Repeat the span of the entries below that starts at the line with "Gallery image thumbnail" and ends at the line with "全セ対全パ　全セに勝利し、若月（右）とタッチを交わす全パ達（撮影・鈴木みどり）", nothing more. Skip the pictures.

Material for this task:
=== Section Start ===

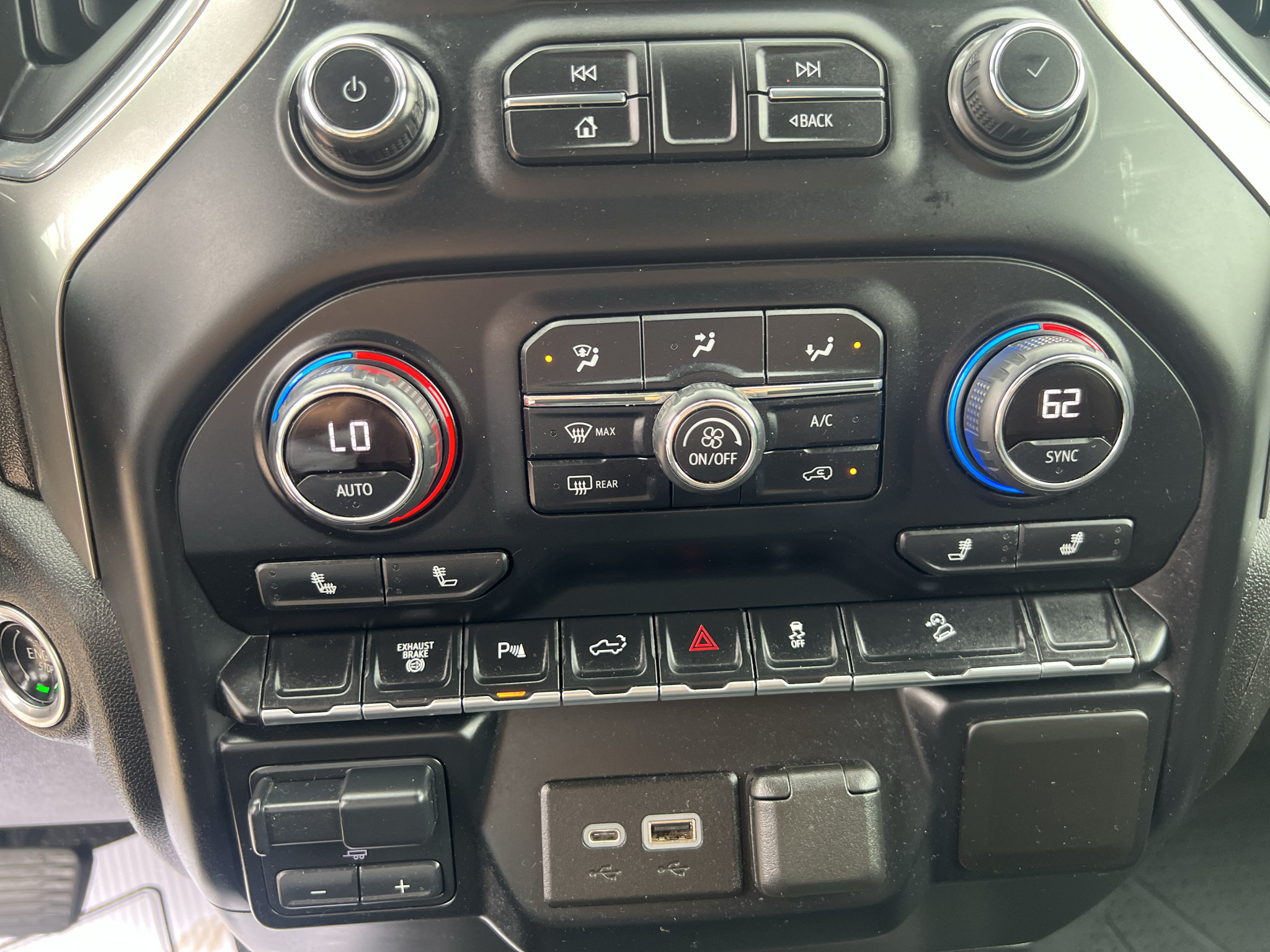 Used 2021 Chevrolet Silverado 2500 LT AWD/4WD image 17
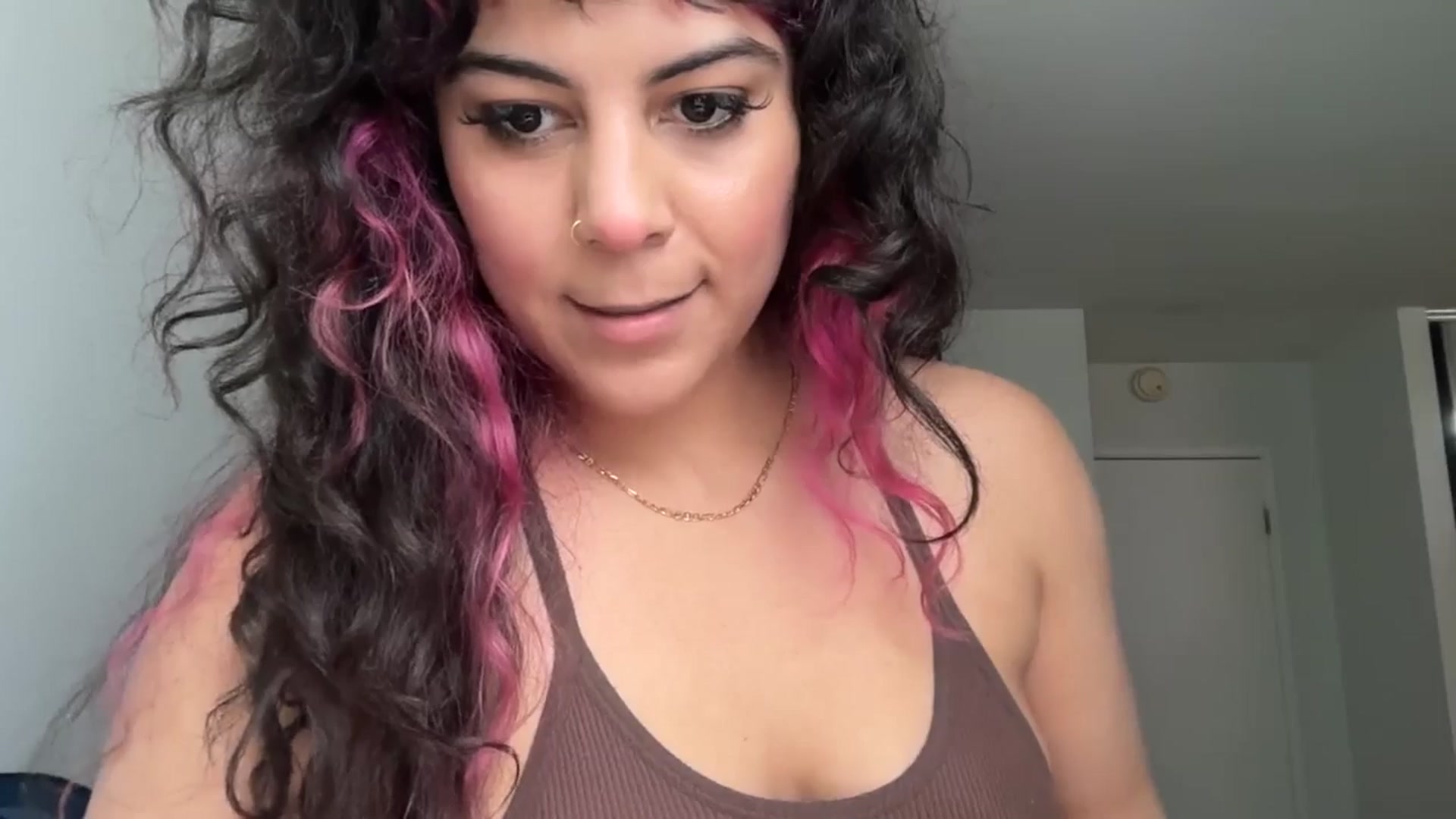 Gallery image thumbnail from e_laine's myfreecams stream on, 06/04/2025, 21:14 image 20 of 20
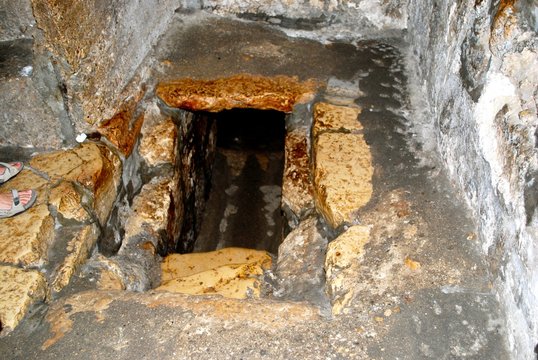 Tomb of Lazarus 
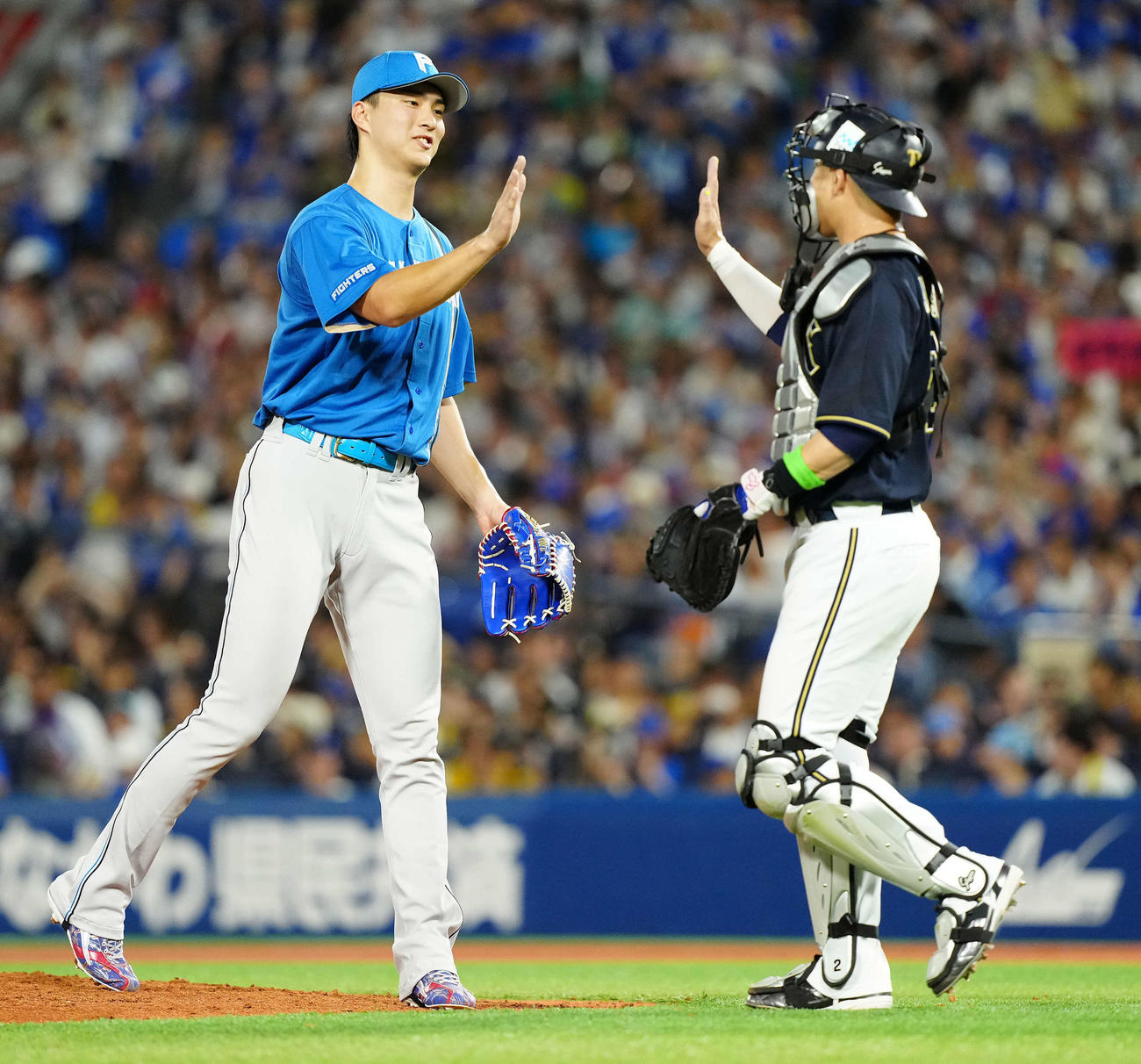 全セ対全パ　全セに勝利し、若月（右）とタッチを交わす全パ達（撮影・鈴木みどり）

=== Section End ===
=== Section Start ===

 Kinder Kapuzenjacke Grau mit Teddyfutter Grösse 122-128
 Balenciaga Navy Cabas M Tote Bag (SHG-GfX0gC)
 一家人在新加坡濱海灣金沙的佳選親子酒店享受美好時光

=== Section End ===
=== Section Start ===

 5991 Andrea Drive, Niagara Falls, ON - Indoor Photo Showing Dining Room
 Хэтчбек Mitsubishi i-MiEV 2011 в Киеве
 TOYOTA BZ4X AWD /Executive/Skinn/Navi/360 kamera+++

=== Section End ===

Task answer:
 Gallery image thumbnail from e_laine's myfreecams stream on, 06/04/2025, 21:14 image 20 of 20
 Tomb of Lazarus 
 全セ対全パ　全セに勝利し、若月（右）とタッチを交わす全パ達（撮影・鈴木みどり）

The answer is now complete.